SpaceX is successful because their rocket launches are relatively inexpensive. SpaceX advertises Falcon 9 rocket launches on its website with a cost of 62 million dollars; other providers cost upwards of 165 million dollars each, much of the savings is because SpaceX can reuse the first stage. Therefore, if we can determine if the first stage will land, we can determine the cost of a launch. Spaces X’s Falcon 9 launch like regular rockets. There are three stages of a rocket launch. The payload is enclosed in the fairings. Stage two, or the second stage, helps bring the payload to orbit, but most of the work is done by the first stage. This stage does most of the work and is much larger than the second stage. This stage is quite large and expensive. Unlike other rocket providers, SpaceX's Falcon 9 can recover the first stage. Sometimes the first stage does not land. Sometimes it will crash. Other times, Space X will sacrifice the first stage due to the mission parameters like payload, orbit, and customer.

In this project, you will take the role of a data scientist working for a new rocket company - Space Y that would like to compete with SpaceX founded by Billionaire industrialist Allon Musk. My job is to determine the price of each launch. I did this by gathering information about SpaceX and creating dashboards for the team. I also determined if SpaceX will reuse the first stage. Instead of using rocket science to determine if the first stage will land successfully, I trained a machine learning model and use public information to predict if SpaceX will reuse the first stage.

#Objective:

The objective is very clear.

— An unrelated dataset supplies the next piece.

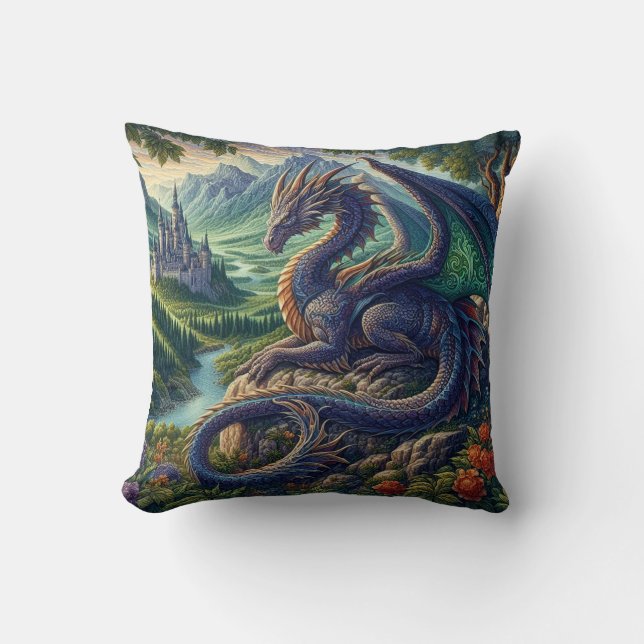 Colorful, Medieval Dragon castle Throw Pillow (Front)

I have to evaluate the viability of the new company Space Y to compete with Space X.

#Desirable answers:

The best way to estimate the total cost for launches, by predicting successful landings of the first stage of rockets; and Where is the best place to make launches.

#Methodology :

1.Data Collection from 2 sources - i) SpaceX API & ii) Webscrapping from wikiepdia

2.Data Wrangling - Collected data was enriched by creating a landing outcome label based on outcome data after summarizing and analyzing features

3.EDA using SQL & Visualization

4.Interactive Visual Analysis by creating Dashboard

  1. Machine Learning Predictive Analysis using Classification Models - Data that was collected until this step were normalized, divided in training and test data sets and evaluated by four different classification models (Logistic Regression, Support Vector Model, Decision Tree & K Nearest Neighbours Model), being the accuracy of each model evaluated using different combinations of parameters.

#Results:

  • Space X uses 4 different launch sites;
  • The first success landing outcome happened in 2015 fiver year after the first launch;
  • Almost 100% of mission outcomes were successful;
  • Two booster versions failed at landing in drone ships in 2015: F9 v1.1 B1012 and F9 v1.1 B1015;
  • The number of landing outcomes became as better as years passed.
  • Using interactive analytics was possible to identify that launch sites use to be in safety places, near sea and have a good logistic infrastructure around
  • Predictive Analysis showed that Decision Tree Classifier is the best model to predict successful landings, having accuracy over 87% and accuracy for test data over 94%.